EXERCISE GOAL. Please repeat exactly, and only, the lines from the one containing "36V E-BIKE Motor" through the end of the records below, with no pictures.
───── GIVEN ENTRIES ─────
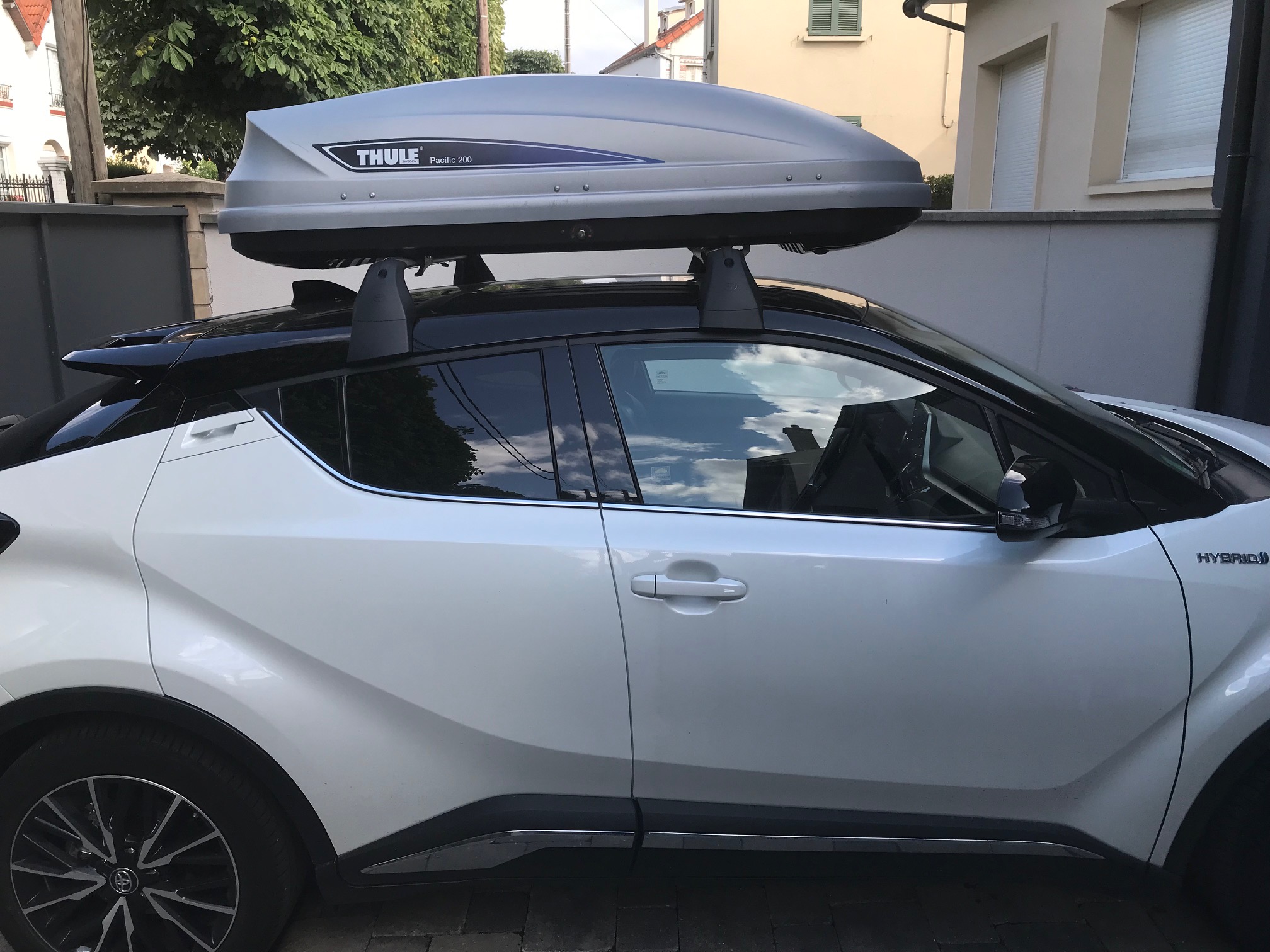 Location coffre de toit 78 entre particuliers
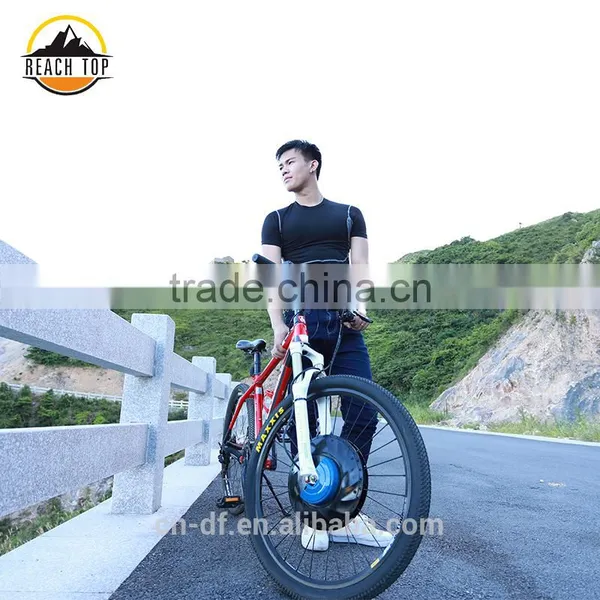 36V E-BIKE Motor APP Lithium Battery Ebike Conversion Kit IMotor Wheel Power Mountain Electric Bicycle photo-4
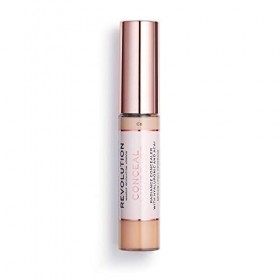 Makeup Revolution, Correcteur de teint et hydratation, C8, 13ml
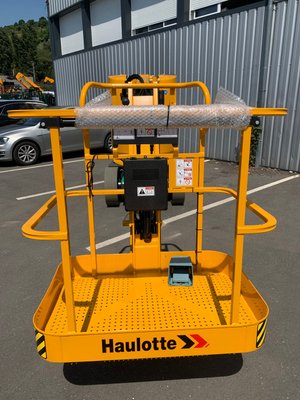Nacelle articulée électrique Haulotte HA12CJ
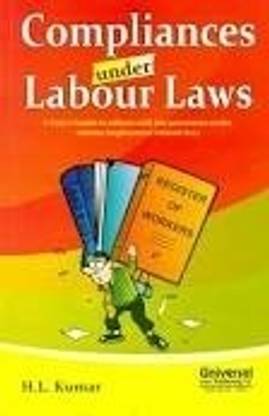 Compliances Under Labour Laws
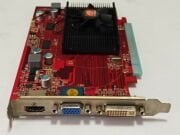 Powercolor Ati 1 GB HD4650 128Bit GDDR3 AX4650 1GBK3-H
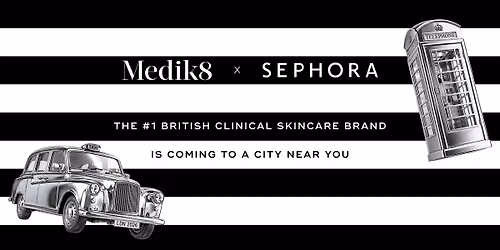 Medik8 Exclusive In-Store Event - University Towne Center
─────
RESPONSE AREA.
 36V E-BIKE Motor APP Lithium Battery Ebike Conversion Kit IMotor Wheel Power Mountain Electric Bicycle photo-4
 Makeup Revolution, Correcteur de teint et hydratation, C8, 13ml
Nacelle articulée électrique Haulotte HA12CJ
 Compliances Under Labour Laws
 Powercolor Ati 1 GB HD4650 128Bit GDDR3 AX4650 1GBK3-H
 Medik8 Exclusive In-Store Event - University Towne Center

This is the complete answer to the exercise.